▶ Data to use:
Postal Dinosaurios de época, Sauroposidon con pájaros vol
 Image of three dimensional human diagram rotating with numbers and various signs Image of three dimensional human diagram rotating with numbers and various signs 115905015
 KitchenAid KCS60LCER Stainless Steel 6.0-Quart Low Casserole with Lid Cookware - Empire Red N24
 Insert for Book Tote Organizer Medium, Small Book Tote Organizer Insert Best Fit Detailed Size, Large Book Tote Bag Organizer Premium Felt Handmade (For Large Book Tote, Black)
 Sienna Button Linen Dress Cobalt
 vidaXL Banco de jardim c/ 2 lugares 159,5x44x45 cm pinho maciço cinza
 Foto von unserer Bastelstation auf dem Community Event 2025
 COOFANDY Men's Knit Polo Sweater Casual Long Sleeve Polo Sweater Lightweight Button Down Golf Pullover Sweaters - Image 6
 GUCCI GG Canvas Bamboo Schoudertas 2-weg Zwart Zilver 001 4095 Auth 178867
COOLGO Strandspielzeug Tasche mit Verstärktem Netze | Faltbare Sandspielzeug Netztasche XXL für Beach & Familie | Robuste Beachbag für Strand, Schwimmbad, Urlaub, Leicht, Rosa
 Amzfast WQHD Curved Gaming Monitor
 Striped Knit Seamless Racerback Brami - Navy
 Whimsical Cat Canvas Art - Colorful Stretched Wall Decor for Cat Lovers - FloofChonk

▶ Your instructions: Reproduce exactly the stretch of lines that starts at the one containing "COOLGO Strandspielzeug Tasche" and ends with the final line of the data, including both ends and nothing more.

▶ Answer section:
COOLGO Strandspielzeug Tasche mit Verstärktem Netze | Faltbare Sandspielzeug Netztasche XXL für Beach & Familie | Robuste Beachbag für Strand, Schwimmbad, Urlaub, Leicht, Rosa
 Amzfast WQHD Curved Gaming Monitor
 Striped Knit Seamless Racerback Brami - Navy
 Whimsical Cat Canvas Art - Colorful Stretched Wall Decor for Cat Lovers - FloofChonk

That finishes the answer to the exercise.